At the end of Playing Changes is a list: The 129 Essential Albums of the Twenty-First Century (So Far). I organized these by year, and then alphabetically by artist name. I'll be running them down here, in that order. (No one appears more than once as a leader, though there’s ample overlap in personnel.)
Miguel Zenón has made one previous appearance on the 129 Essential Albums list so far — as a sideman on Melaza (2000), a vaulting, declaratory album by tenor saxophonist David Sánchez. That’s a helpful antecedent, because Jíbaro, the album that I selected to represent Zenón, is another persuasive pledge of allegiance to Puerto Rican culture and tradition.
The alto saxophonist surfaces in a chapter of Playing Changes that I titled “The Crossroads,” about new expressions of global interdependence in the music. Noting that in the early 2000s, Zenón had formed a quartet with Venezuelan pianist Luis Perdomo, Austrian bassist Hans Glawischnig and Mexican drummer Antonio Sánchez, I added the following:
Zenón spent a lot of time worshipping his music with these partners, so that by the time he began making albums, it was with a granite surety of purpose. The title of his fine 2002 debut, Looking Forward, articulated a direction, while the title of his even stronger 2004 follow-up, Ceremonial, implied a process and foundation. What changed in between was mostly his confidence as a composer and bandleader, and the endorsement of Branford Marsalis, who made Zenón one of the earliest signings to his Marsalis Music label.

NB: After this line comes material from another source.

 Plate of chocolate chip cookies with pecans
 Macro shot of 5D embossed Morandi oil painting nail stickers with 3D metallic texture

He was still in his 20s when he made Jíbaro, his third album, which builds on the inland folk-troubadour traditions of Puerto Rico.
He composed the album more or less as a suite, without making a fuss about it; nevertheless, this landed as a serious artistic statement. In The New York Times, my former colleague Ben Ratliff selected Jíbaro as one of his Top 10 albums of the year, and hailed its creator as “a Puerto Rican-born jazz saxophonist and composer with an evidently enormous brain.” (It was only a few years later that Zenón became a MacArthur Fellow, receiving the so-called “genius grant.”)

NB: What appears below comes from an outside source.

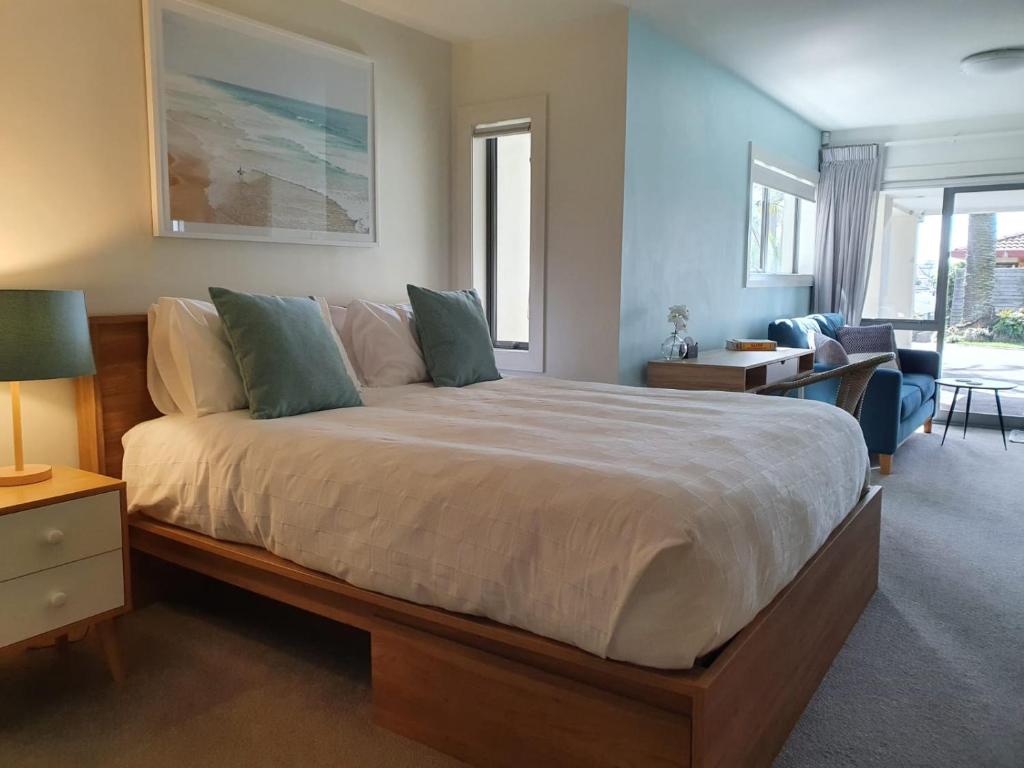 a bedroom with a large bed and a living room at Peaceful Mount Studio Moments to Beach & Downtown in Mount Maunganui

Listen to the opening track of the album, “Seis Cinco,” and almost immediately you can sense the clarity of intention. Whether or not you are remotely familiar with the customs of jíbaro — let alone the technical requirements of the décima, a poetic form descended from medieval Spanish balladry — you can sense the depth of cultural understanding that Zenón brought to the table here.
Zenón has certainly continued his work as a cultural emissary and investigator, through his recording projects and in performance. Early in 2017, I called him up to talk about Típico, another excellent quartet album featuring Perdomo, Glawischnig and drummer Henry Cole.

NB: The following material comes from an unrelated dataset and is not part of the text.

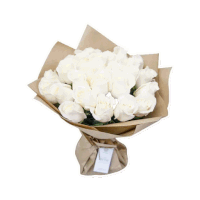 a bouquet of white roses wrapped in brown paper on a white surface .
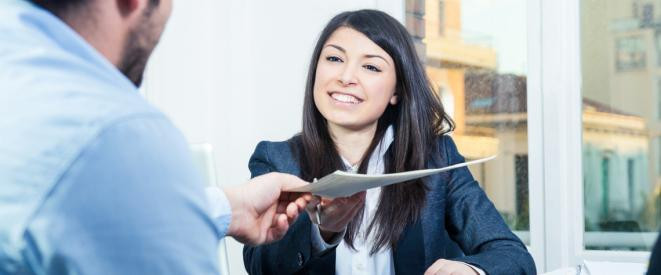 Lächelnde Frau gibt Mann in Büro ein Dokument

One of the insights that struck me then — so much so that I included it in Playing Changes — was Zenón’s reflection that he had to leave Puerto Rico in order to form his aesthetic relationship with its culture. “I feel that I became prouder and more in touch with my side of patriotism and nationalism, by exploring Puerto Rican-ness through music,” he said. “From the outside.”